We live in a sensory world full of colors and sounds. It gets and keeps our attention from the time of our birth until the day of our conscious death. Our lives are expended on the cost of its excitement; it is inspiration of the artist and the ruin of the extravagant.
The pursuit of the now at the expense of the future has made rich men poor and beggars happy. The bird in hand enjoyed over the two in the bush belies the gambler. That which is seen now gives precedent to that which shall come.
We bemoan poor Esau, who sold his birthright for a bowl of soup and Adam’s paradise for a piece of fruit. Our heads shake at the poor fools as we sell out for even less, because today we see, but for tomorrow we are blind.
In the carnal man, the visible wins out over the invisible. The now takes priority over the future. What could be gained, is less valued than what is. The feather of a fluttering sparrow is more precious than the power of a swooping eagle to the man of clay.
The now of our diminishing existence is exalted over the never-ending of eternity. Sensual desires of today paid over a lifetime of regret are like high interest credit which never gets paid. “Who would sell his soul?”, the question is asked. Who would trade his soul for all the world? These questions are asked, but answered with shattered, ruined lives and eternal banishment in Hell.
One’s salvation in Christ is marked by faith. Seeing the unseen. Grasping and holding to something more real than steel but seemingly as thin as air. The invisible, more substantial than the seen, is viewed as a dream of the mystic and the reality of a fool. Yet the foolishness that confounds the wise is a dream conceived in mystery but birthed as substance.
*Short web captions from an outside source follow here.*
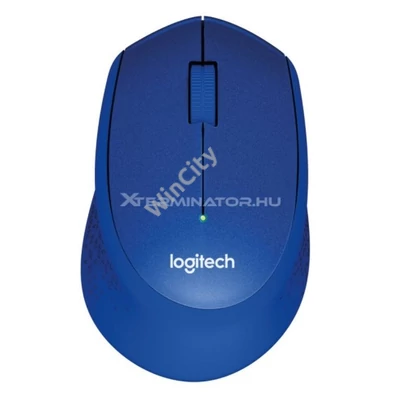 Egér Logitech M330 Silent vezeték nélküli kék 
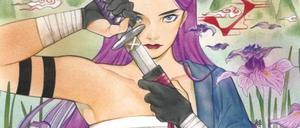 Das Titelbild von „Demon Days“.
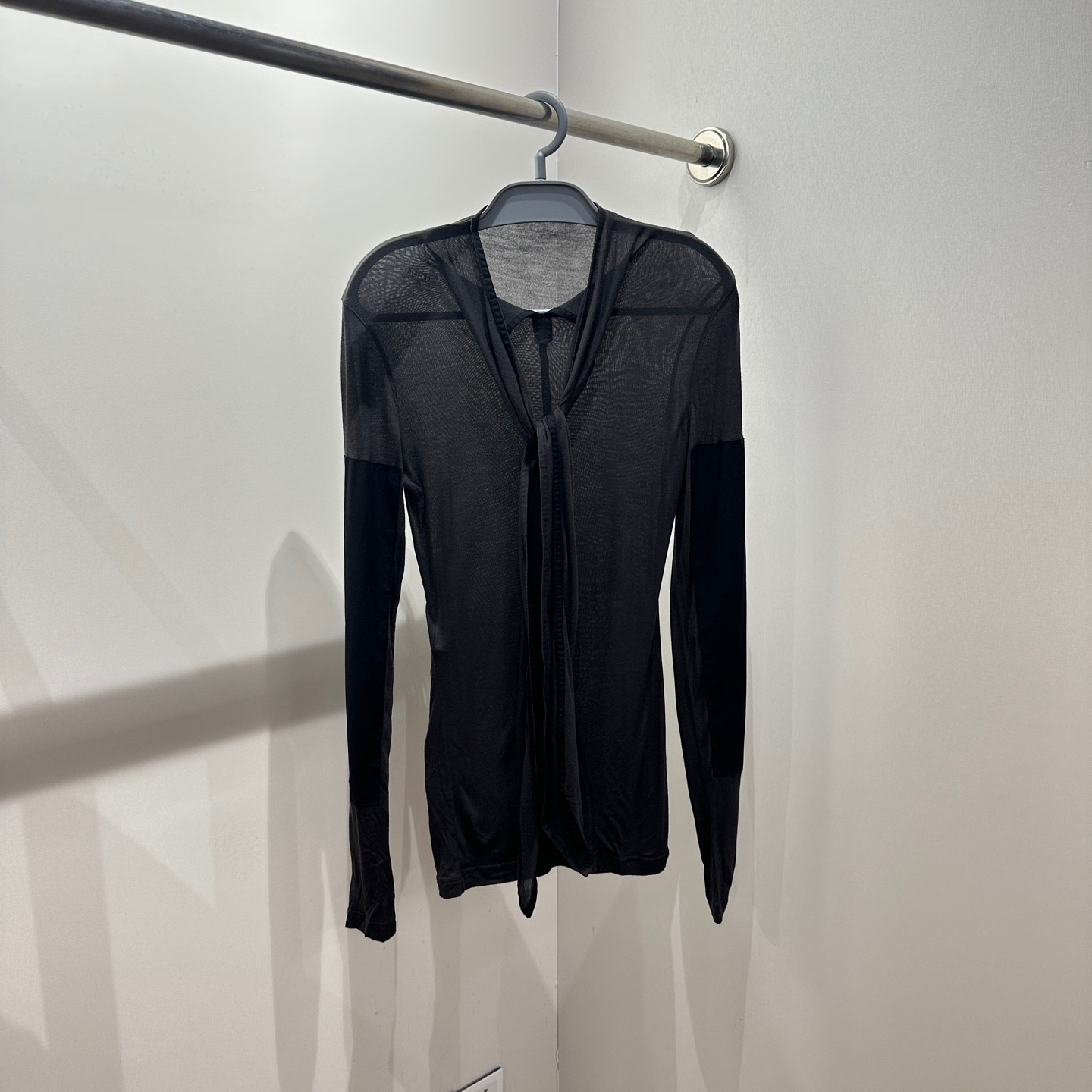 未使用 Lemaire/勒梅尔 dec660 25ss修身针织衫 xs码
Let me dream the dream of mystics and hold the reality as one the world calls a fool. The invisible is the reality of eternity while the visible will melt like snow. Eternal reality is faith come to life and then lived in the fullness of an all-seen God. Let me now dream and be called a fool, but then be considered the sage and one held by the Wisest of all.
“While we do not look at the things which are seen, but at the things which are not seen. For the things which are seen are temporary, but the things which are not seen are eternal” (2 Corinthians 4:18 NKJV).